Evie did not respond.
It was not an explanation, or at least not one her daughter would understand, just as David had found a similar attempt she had once made for him far from satisfactory. She reached across the table, about to pour them both another glass of champagne, but stopped. Opposite her, Evie was crying, silent tears that slid down her cheek, wiped away as quickly as they appeared.
‘I’m sorry,’ Ellen said, and she was truly sorry as she laid her own hand over Evie’s. A line of ants trailed across the tabletop between them, running straight until they reached a pool of spilt drink. The branches of the giant wattle next door creaked in the breeze. She glanced up at the sun and closed her eyes, the memory of that year with Matthew still strong enough to make her shake her head, wanting to physically remove any trace of him from her life.
‘I was so happy,’ she said. ‘With you and David. And I was making these perfect beautiful sculptures that were so complete. When total destruction knocks on your door, sometimes it’s very tempting to take a look.’
Wiping the last of her tears, Evie ran a finger across the table. ‘You know I saw a review for his book the other day?’
Ellen didn’t.
‘It was good,’ Evie said. ‘It even made me want to read it.’
Ellen smiled, and as she did so, she contemplated the explanation she had tried to give
. It was close, she thought, but there are parts of life that evade words. There are countless choices — and you always choose to do the right thing: to drive without crashing the car, not to walk into the oncoming traffic, to stop drinking, not to say what you think.

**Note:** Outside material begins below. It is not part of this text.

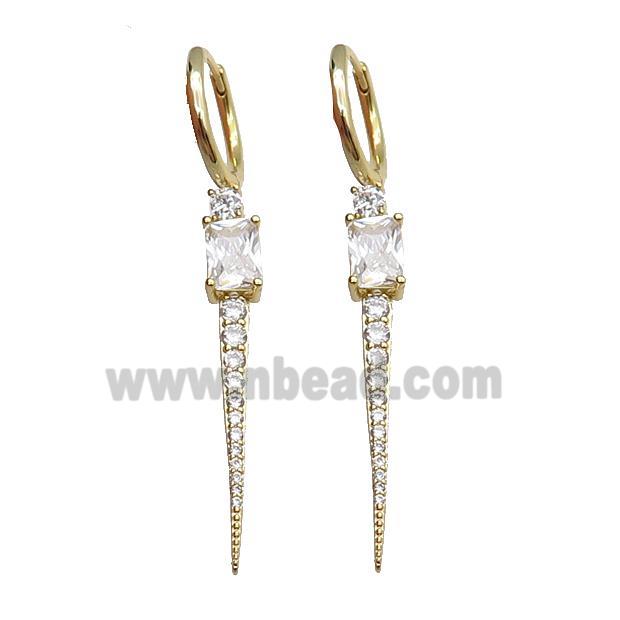 copper Hoop Earring pave zircon gold plated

She remembered standing just inside Matthew’s bedroom, undressing him as he undressed her and knowing that a month earlier, on the night they had eaten cassoulet, she had stood outside this room, aware of how little it would take to step over into a life that repelled her, and also fascinated her. In the sunroom off the kitchen, Matthew had opened another bottle of wine, and David had relented, sitting back and letting his glass be refilled. She had sat with them, listening to their conversation, participating occasionally, only to withdraw again, her gaze turning to the dishes neatly stacked in the rack, the new fridge, and the three saucepans sitting on top of the stove. Beyond was the lounge room, the carpet floral, the walls painted a violet that had been popular in the fifties, a new television in the corner, and a cheap two-seater couch in front of it.
She had got up to go to the bathroom, wanting to look. Inside the cupboard there was a razor, soap, toothbrush and toothpaste, and a packet of Panadol. She had stood for a moment, leaning against the shower screen. In the room next door, the girls were talking about school. Sienna was asking Evie which of the boys she liked and Evie was being evasive. ‘All of them,’ she answered. ‘It’s wrong not to like everyone.’
As she stepped out into the hall, she could see Matthew’s room at the end of the corridor. The blind was drawn, but the bed was visible, neatly made, with four pillows at one end, a bedside table on one side only, and on it two books and a white metal light clipped to the edge.
‘I think I need to get going,’ she had told David when she sat back down in the sunroom.
He was remembering the editor of the paper when he had first joined. ‘He was completely straight. Middle-aged — well, probably the same as we are now — suit, tie, neat hair, very traditional, apart from the fact that he meditated. For half an hour every lunchtime. He would just shut the door and sit there, eyes closed. Everyone knew what he was doing, and not to disturb him, and no one ever mentioned it. But it was bloody strange. I mean, it was so unexpected from him.’ David topped up his glass. ‘He was the calmest, easiest boss I’ve ever had.’